Damit war gemeint, daß weder der Schmerz mit dem Denken zusammenfalle, noch Objekt der Soziologie sei. Das Bewußtsein beobachtet den Schmerz und versucht, ihn zu ignorieren - und sollte die betroffene Person darüber schweigen, bliebe dies solange unbemerkt, bis dieses Leiden kommuniziert würde. Kopfschmerzen kommunizieren aber nicht selbst, sondern werden zum Thema - sei es, indem man selbst sagt, daß sie das Denken (und nicht die Kommunikation) ständig begleiten; sei es, indem andere aus der Außensicht die These gewinnen, er müsse wohl Kopfschmerzen haben, sonst würde er wohl nicht so oft die Augen schließen und seine Schläfen massieren. In der Beobachtung erhalten die Gesten den Status einer Mitteilung, die darüber informiert, daß die Kopfschmerzen lästig werden, und man bietet ein Aspirin an. Wenn dies angenommen wird, hat man wohl richtig unterstellt, zumindest kann das in künftigen Kommunikationen vorausgesetzt werden - und das reicht aus, was die Gesellschaft betrifft.

Ob diese Unterstellung aber wirklich zutrifft ist grundsätzlich ungewiß - denn die Gesten könnten etwas ganz anderes oder gar nichts bedeuten und die Aussage, man habe Kopfschmerzen, könnte zur Desinformation des Anderen gedacht sein, etwa um den Grund für schlechte Laune auf den eigenen Körper zu schieben.

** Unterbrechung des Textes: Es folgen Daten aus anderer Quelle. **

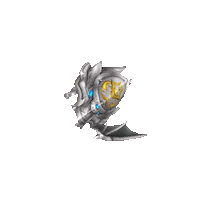 Shield Dq Sticker by 星のドラゴンクエスト
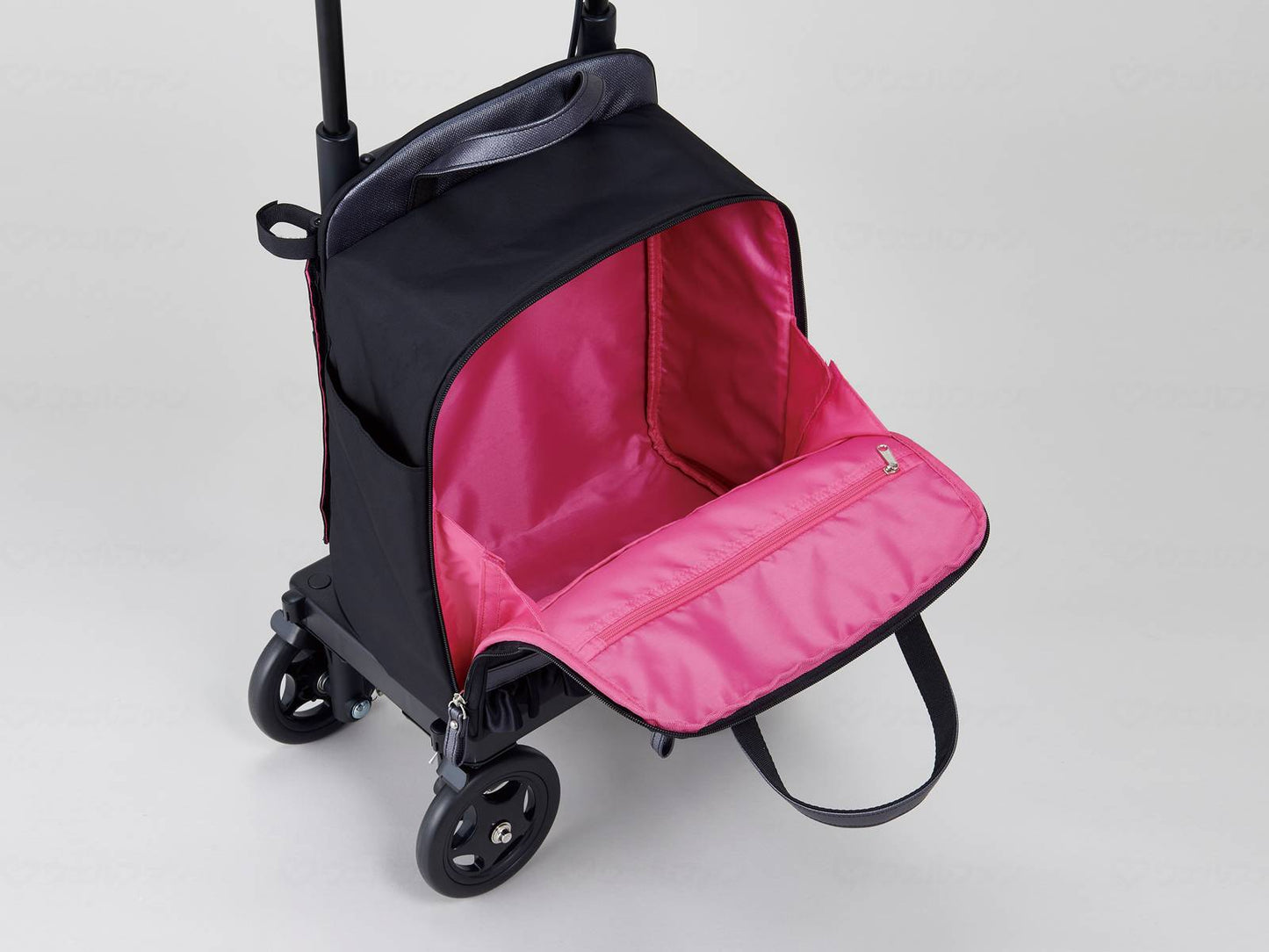 Wellfun Side Cart SAW Right Hand (Hello Kitty) Wine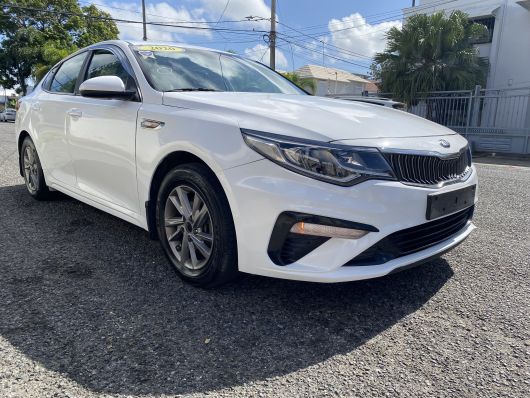 Kia K5 Básico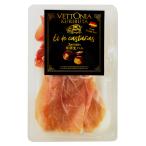 vetonia каштан свинья сырокопченая ветчина 15 месяцев ..50g
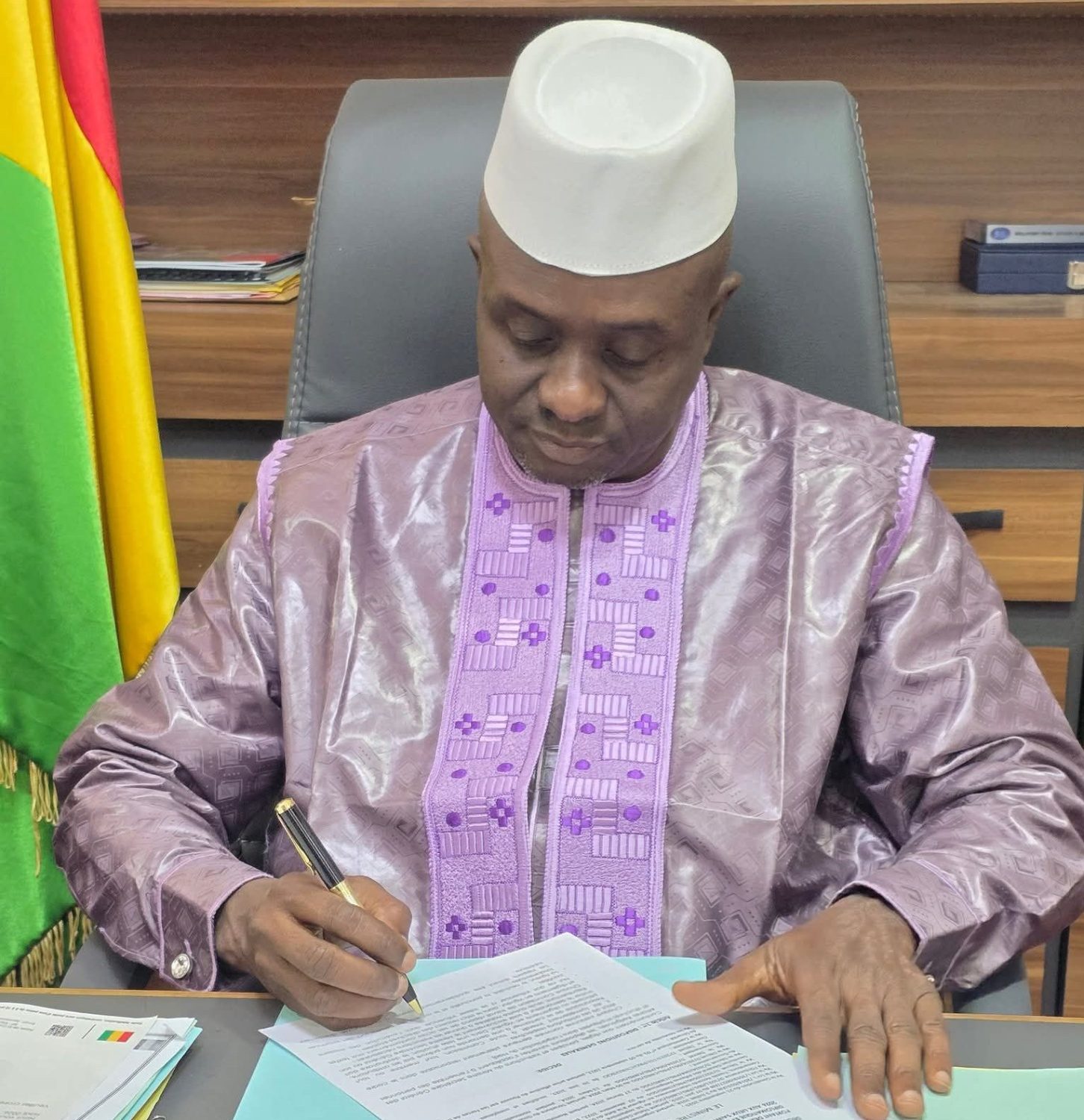 Les chrétiens de Guinée célèbrent la fête de pâques ce dimanche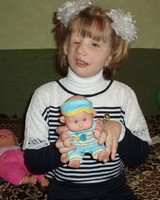 Сталина Кизимова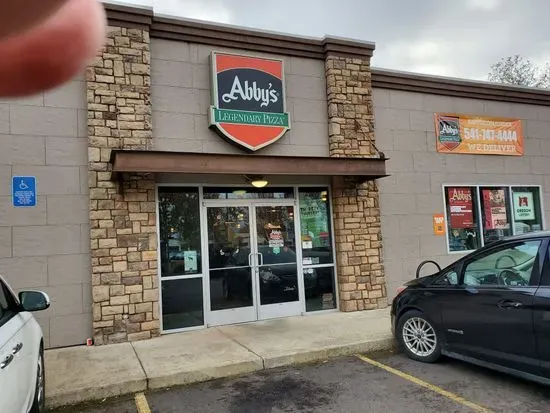 Abby's Legendary Pizza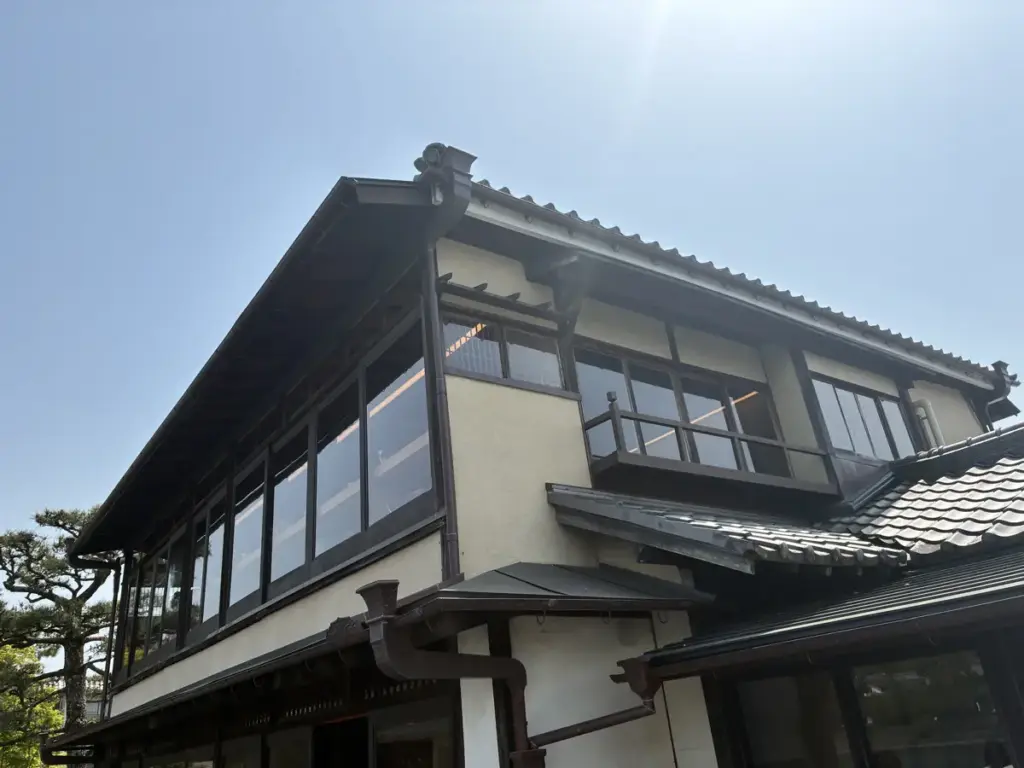 中村藤吉平等院店の外観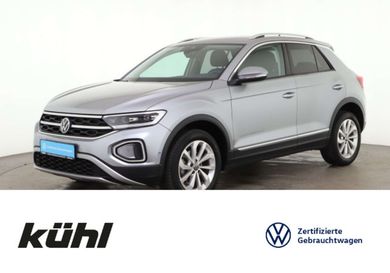 Volkswagen T-Roc, 2022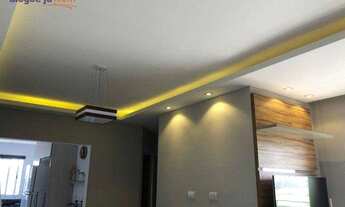 Imagem 2: Apartamento com 2 dormitórios à venda, 73 m² por R$ 334.000,00 - Jardim Coleginho - Jacare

Den Körper selbst oder das Bewußtsein können Beobachter nicht unmittelbar befragen, sondern nur beobachten. Und diese Beobachtung hängt nicht etwa von "den Fakten" ab, sondern ihrem eigenen modus operandi: "Jedes selbstreferentielle System hat nur den Umweltkontakt, den es sich selbst ermöglicht." Nervenbahnen und Kognitionssysteme zweier Körper kommunizieren nicht direkt miteinander - genau das macht Kommunikation erst nötig. Nur Engel, die sich sprachlos verstehen, brauchen keine Gesellschaft. Individuen dagegen sind operativ "berührungslos nebeneinander lebende Monaden".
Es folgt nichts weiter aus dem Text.